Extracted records
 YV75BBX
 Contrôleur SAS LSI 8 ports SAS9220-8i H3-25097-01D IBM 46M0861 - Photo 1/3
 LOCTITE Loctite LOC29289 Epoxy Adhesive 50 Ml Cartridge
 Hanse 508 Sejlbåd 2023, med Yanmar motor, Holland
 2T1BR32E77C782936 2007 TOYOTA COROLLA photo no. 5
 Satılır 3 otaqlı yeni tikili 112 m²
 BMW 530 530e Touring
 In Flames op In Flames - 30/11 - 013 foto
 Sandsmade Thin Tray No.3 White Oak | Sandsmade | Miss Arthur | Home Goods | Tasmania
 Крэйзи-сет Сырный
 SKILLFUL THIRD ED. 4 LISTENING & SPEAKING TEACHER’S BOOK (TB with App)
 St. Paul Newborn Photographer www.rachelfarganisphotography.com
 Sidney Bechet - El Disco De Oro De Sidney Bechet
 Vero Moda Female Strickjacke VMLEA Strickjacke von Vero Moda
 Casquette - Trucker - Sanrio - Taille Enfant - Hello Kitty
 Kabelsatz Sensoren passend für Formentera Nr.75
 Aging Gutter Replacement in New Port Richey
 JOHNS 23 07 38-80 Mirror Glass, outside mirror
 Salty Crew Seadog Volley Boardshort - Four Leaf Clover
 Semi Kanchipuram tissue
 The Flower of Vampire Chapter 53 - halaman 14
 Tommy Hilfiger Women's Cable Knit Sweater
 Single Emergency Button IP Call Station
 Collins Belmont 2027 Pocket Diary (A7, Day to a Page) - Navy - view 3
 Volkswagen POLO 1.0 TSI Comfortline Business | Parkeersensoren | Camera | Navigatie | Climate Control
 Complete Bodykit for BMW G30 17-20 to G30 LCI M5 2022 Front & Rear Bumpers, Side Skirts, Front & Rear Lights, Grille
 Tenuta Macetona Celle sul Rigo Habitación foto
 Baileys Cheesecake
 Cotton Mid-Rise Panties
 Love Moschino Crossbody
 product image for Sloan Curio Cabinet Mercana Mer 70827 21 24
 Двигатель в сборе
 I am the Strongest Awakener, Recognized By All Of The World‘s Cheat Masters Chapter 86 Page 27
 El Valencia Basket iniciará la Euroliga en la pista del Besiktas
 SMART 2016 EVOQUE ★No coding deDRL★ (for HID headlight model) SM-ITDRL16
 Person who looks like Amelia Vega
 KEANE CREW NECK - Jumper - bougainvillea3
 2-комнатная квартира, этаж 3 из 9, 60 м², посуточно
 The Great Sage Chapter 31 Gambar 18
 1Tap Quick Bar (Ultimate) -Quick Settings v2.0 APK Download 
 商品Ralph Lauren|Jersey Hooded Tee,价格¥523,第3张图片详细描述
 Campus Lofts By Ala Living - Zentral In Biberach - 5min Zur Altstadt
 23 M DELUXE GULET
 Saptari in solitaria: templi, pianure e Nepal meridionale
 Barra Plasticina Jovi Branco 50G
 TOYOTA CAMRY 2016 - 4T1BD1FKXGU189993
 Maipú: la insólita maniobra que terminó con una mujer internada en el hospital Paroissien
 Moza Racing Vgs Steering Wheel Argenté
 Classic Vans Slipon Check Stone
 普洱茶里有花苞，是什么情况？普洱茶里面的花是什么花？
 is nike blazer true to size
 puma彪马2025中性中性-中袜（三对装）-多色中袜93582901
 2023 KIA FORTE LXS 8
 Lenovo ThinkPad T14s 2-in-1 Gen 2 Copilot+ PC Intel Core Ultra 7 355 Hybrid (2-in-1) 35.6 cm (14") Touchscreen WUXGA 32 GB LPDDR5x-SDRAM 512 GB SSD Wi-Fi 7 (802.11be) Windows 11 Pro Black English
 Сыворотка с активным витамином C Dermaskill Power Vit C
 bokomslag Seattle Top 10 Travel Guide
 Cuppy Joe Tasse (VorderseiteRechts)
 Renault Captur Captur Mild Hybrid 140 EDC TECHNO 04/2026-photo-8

**TASK PROMPT**
Each record is to be repeated word for word, with none skipped.

**WRITTEN REPLY**
 YV75BBX
 Contrôleur SAS LSI 8 ports SAS9220-8i H3-25097-01D IBM 46M0861 - Photo 1/3
 LOCTITE Loctite LOC29289 Epoxy Adhesive 50 Ml Cartridge
 Hanse 508 Sejlbåd 2023, med Yanmar motor, Holland
 2T1BR32E77C782936 2007 TOYOTA COROLLA photo no. 5
 Satılır 3 otaqlı yeni tikili 112 m²
 BMW 530 530e Touring
 In Flames op In Flames - 30/11 - 013 foto
 Sandsmade Thin Tray No.3 White Oak | Sandsmade | Miss Arthur | Home Goods | Tasmania
 Крэйзи-сет Сырный
 SKILLFUL THIRD ED. 4 LISTENING & SPEAKING TEACHER’S BOOK (TB with App)
 St. Paul Newborn Photographer www.rachelfarganisphotography.com
 Sidney Bechet - El Disco De Oro De Sidney Bechet
 Vero Moda Female Strickjacke VMLEA Strickjacke von Vero Moda
 Casquette - Trucker - Sanrio - Taille Enfant - Hello Kitty
 Kabelsatz Sensoren passend für Formentera Nr.75
 Aging Gutter Replacement in New Port Richey
 JOHNS 23 07 38-80 Mirror Glass, outside mirror
 Salty Crew Seadog Volley Boardshort - Four Leaf Clover
 Semi Kanchipuram tissue
 The Flower of Vampire Chapter 53 - halaman 14
 Tommy Hilfiger Women's Cable Knit Sweater
 Single Emergency Button IP Call Station
 Collins Belmont 2027 Pocket Diary (A7, Day to a Page) - Navy - view 3
 Volkswagen POLO 1.0 TSI Comfortline Business | Parkeersensoren | Camera | Navigatie | Climate Control
 Complete Bodykit for BMW G30 17-20 to G30 LCI M5 2022 Front & Rear Bumpers, Side Skirts, Front & Rear Lights, Grille
 Tenuta Macetona Celle sul Rigo Habitación foto
 Baileys Cheesecake
 Cotton Mid-Rise Panties
 Love Moschino Crossbody
 product image for Sloan Curio Cabinet Mercana Mer 70827 21 24
 Двигатель в сборе
 I am the Strongest Awakener, Recognized By All Of The World‘s Cheat Masters Chapter 86 Page 27
 El Valencia Basket iniciará la Euroliga en la pista del Besiktas
 SMART 2016 EVOQUE ★No coding deDRL★ (for HID headlight model) SM-ITDRL16
 Person who looks like Amelia Vega
 KEANE CREW NECK - Jumper - bougainvillea3
 2-комнатная квартира, этаж 3 из 9, 60 м², посуточно
 The Great Sage Chapter 31 Gambar 18
 1Tap Quick Bar (Ultimate) -Quick Settings v2.0 APK Download 
 商品Ralph Lauren|Jersey Hooded Tee,价格¥523,第3张图片详细描述
 Campus Lofts By Ala Living - Zentral In Biberach - 5min Zur Altstadt
 23 M DELUXE GULET
 Saptari in solitaria: templi, pianure e Nepal meridionale
 Barra Plasticina Jovi Branco 50G
 TOYOTA CAMRY 2016 - 4T1BD1FKXGU189993
 Maipú: la insólita maniobra que terminó con una mujer internada en el hospital Paroissien
 Moza Racing Vgs Steering Wheel Argenté
 Classic Vans Slipon Check Stone
 普洱茶里有花苞，是什么情况？普洱茶里面的花是什么花？
 is nike blazer true to size
 puma彪马2025中性中性-中袜（三对装）-多色中袜93582901
 2023 KIA FORTE LXS 8
 Lenovo ThinkPad T14s 2-in-1 Gen 2 Copilot+ PC Intel Core Ultra 7 355 Hybrid (2-in-1) 35.6 cm (14") Touchscreen WUXGA 32 GB LPDDR5x-SDRAM 512 GB SSD Wi-Fi 7 (802.11be) Windows 11 Pro Black English
 Сыворотка с активным витамином C Dermaskill Power Vit C
 bokomslag Seattle Top 10 Travel Guide
 Cuppy Joe Tasse (VorderseiteRechts)
 Renault Captur Captur Mild Hybrid 140 EDC TECHNO 04/2026-photo-8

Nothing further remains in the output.